EXTRACTED ENTRIES:
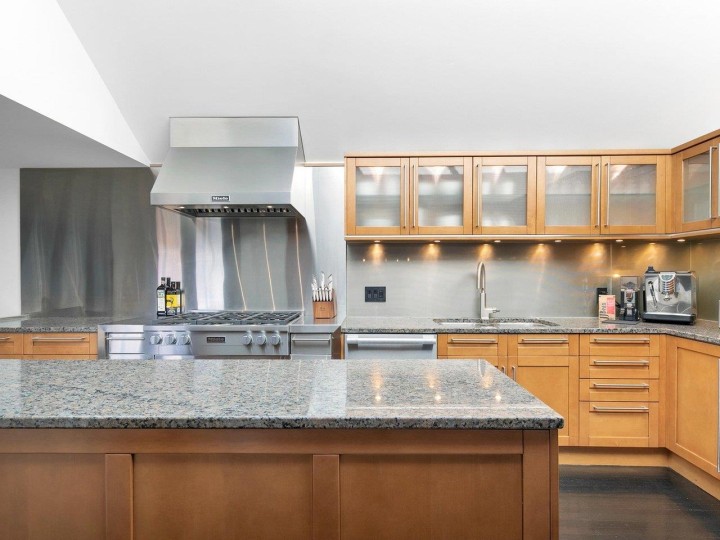 Photo 14 at 3262 W 1st Avenue, Kitsilano, Vancouver West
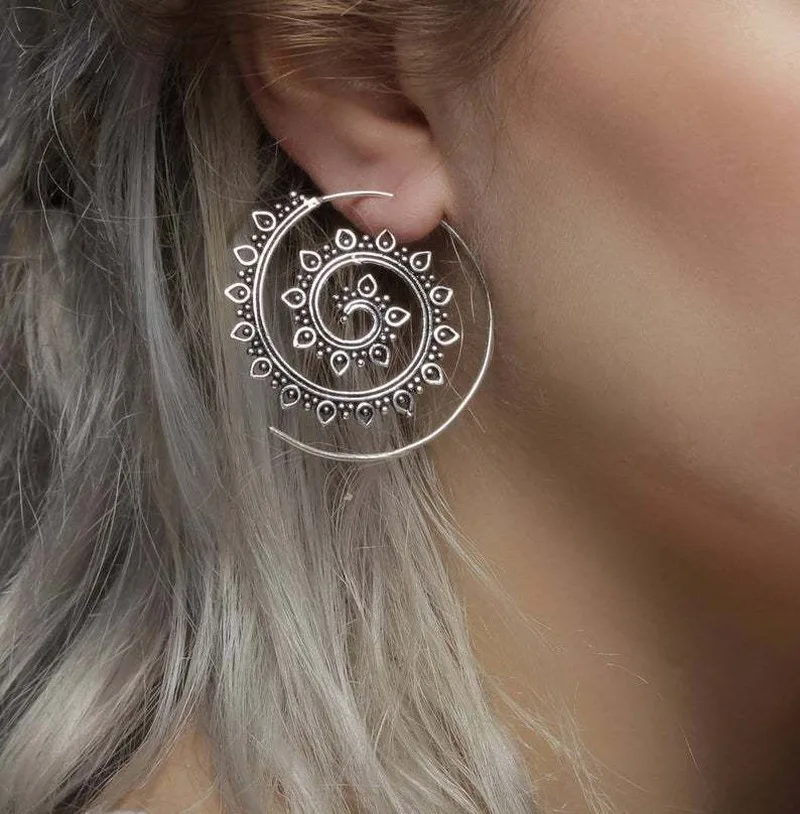 

1Pair Stainless Steel Indian Spiral Lotus Flower Surya Leaf Heart Earrings Hoop Piercing Ear Tunnel Plug Piercing Body Jewelry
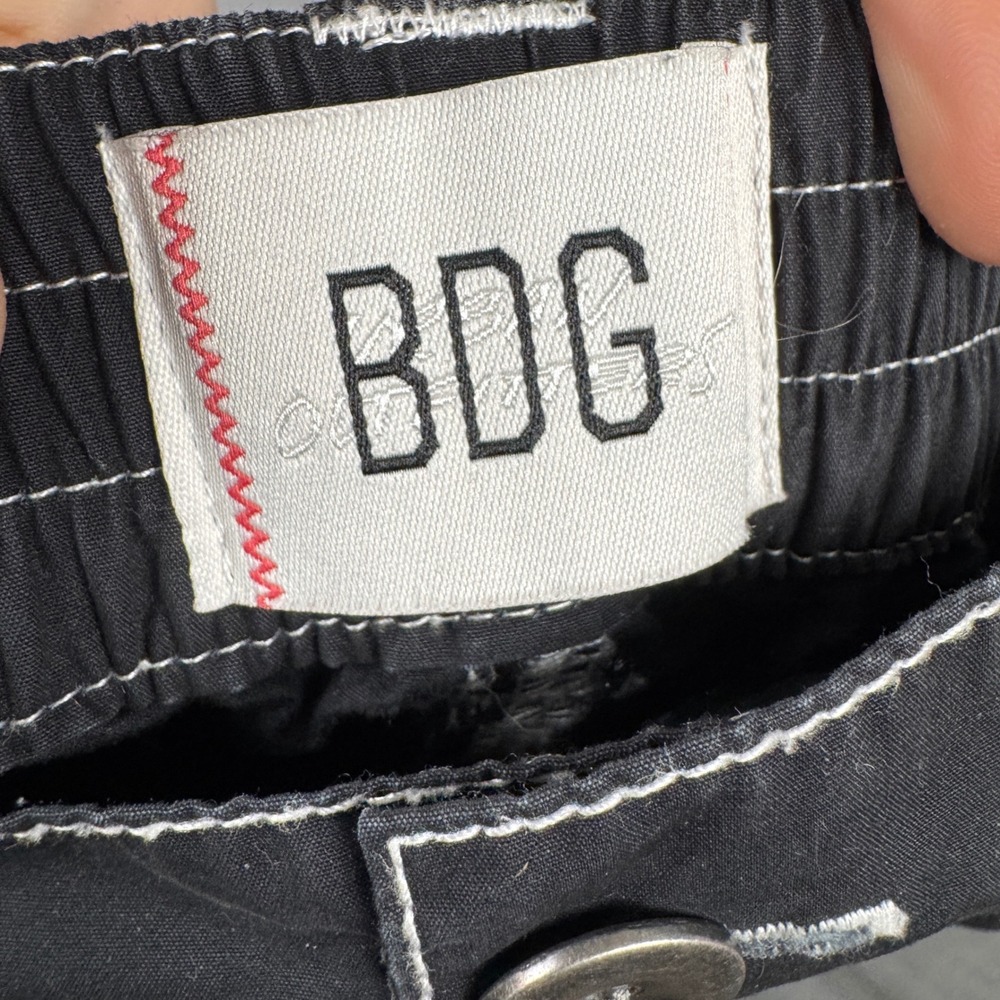 BDG Urban Outfitters Black Contrast Stitch Cargo Pants Baggy Y2K Streetwear 2 - Picture 8 of 9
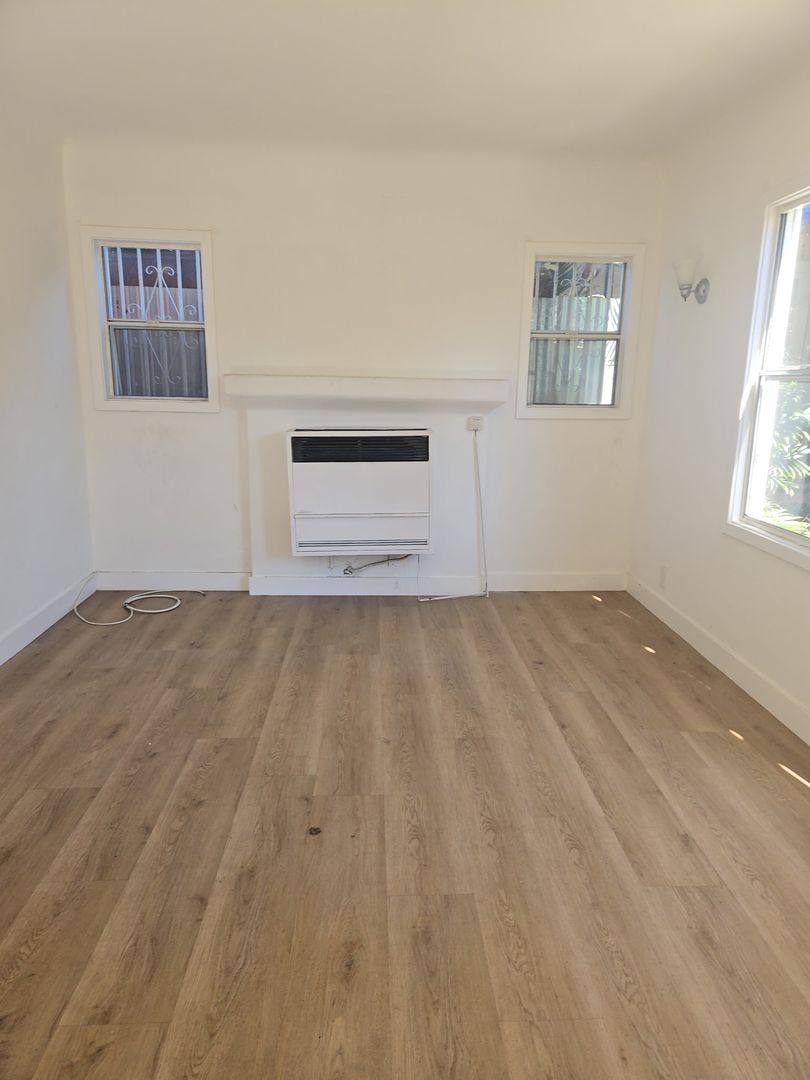 Apartment for rent at 6729 - 6803 Middleton St, Huntington Park, CA 90255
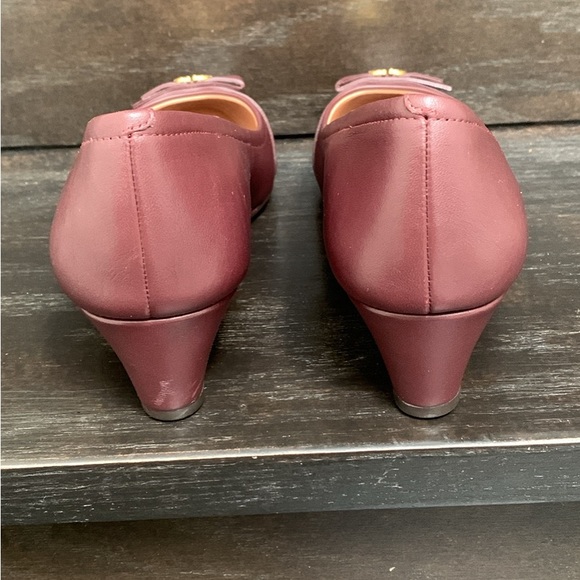 COLE HAAN Leather Wedge Bloodstone/ Burgundy Women’s Shoes size 38 B - Picture 4 of 7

EXERCISE OBJECTIVE: Set down each entry again exactly as written. Pictures stay out.

TASK ANSWER:
 Photo 14 at 3262 W 1st Avenue, Kitsilano, Vancouver West

1Pair Stainless Steel Indian Spiral Lotus Flower Surya Leaf Heart Earrings Hoop Piercing Ear Tunnel Plug Piercing Body Jewelry
 BDG Urban Outfitters Black Contrast Stitch Cargo Pants Baggy Y2K Streetwear 2 - Picture 8 of 9
 Apartment for rent at 6729 - 6803 Middleton St, Huntington Park, CA 90255
 COLE HAAN Leather Wedge Bloodstone/ Burgundy Women’s Shoes size 38 B - Picture 4 of 7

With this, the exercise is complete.